Designed and tested on Debian based systems.
~$ ./phishy URL
NOTE: ensure to chmod +x the 'phishy' file before usage!
- IP and URL blacklisting
- IP, URL and domain whitelisting
- Typoswatting detection in domains/subdomains
NOTE: the white/blacklists haven't been fleshed out at all as the original project was a PoC.
This part of the tool extracts 23 features from the user submitted URL and determines its legitimacy via a supervised Random Tree Model. Makes use of the python-weka-wrapper library.

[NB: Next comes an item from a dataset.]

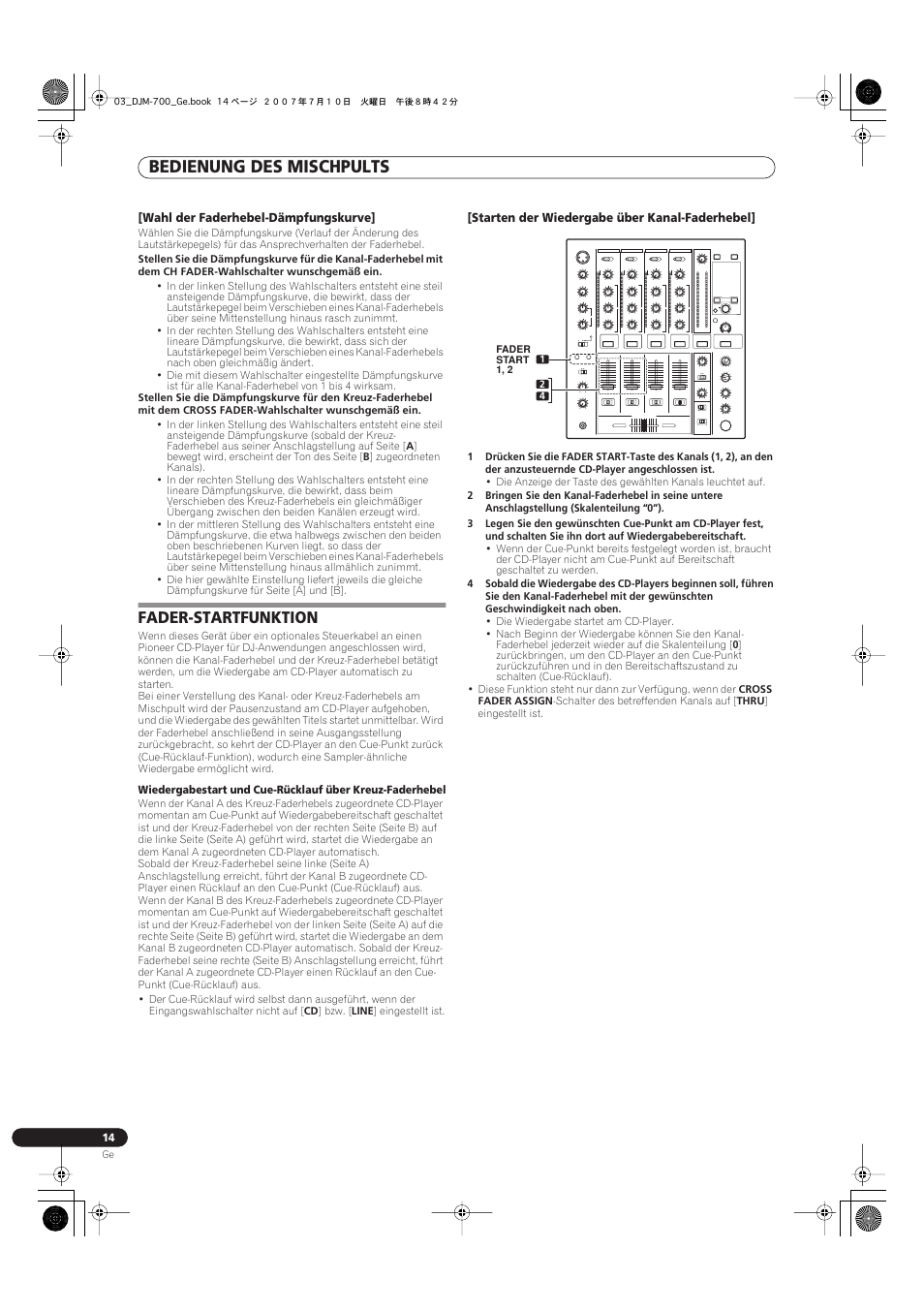 Fader-startfunktion, Bedienung des mischpults | Pioneer DJM-700-S User Manual | Page 66 / 184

Length of URL | Length of domain | Length of path | Depth of path | Number of percent symbols in the URL | Number of underscores in the URL |
Number of ampersands in the URL | Number of numbers in the URL | Number of hash symbols in the URL | Number of dashes in the URL | Number of dots in the URL | Whether a tilde is present in the URL |
Whether an ‘at’ symbol (@) is present in the URL | Number of subdomains | Number of dashes in the domain | Whether a Top-Level Domain (TLD) is contained within the subdomain(s) | Whether the domain is an IP address | Whether there is a double slash present in the path |
Number of URL queries | Scheme (HTTPS or HTTP) | Whether the URL’s combined top and second level domains appear in the first page of a Google Search | Whether the URL’s corresponding webpage has links within characteristic of a phishing page i.e. dead links orthose which go to a different domain |
NOTE: feature extraction and classification via ML is only used if the submitted URL isn't flagged up by the white/blacklist test.
- Python 3.6
- Java
- Weka
It is recommended to use virtualenv to have an isolated environment for the required python packages.
You will also need to run pip install -r requirements.txt to install the python packages required.
Then run python python weka_fix.py to fix a bug with the python weka library.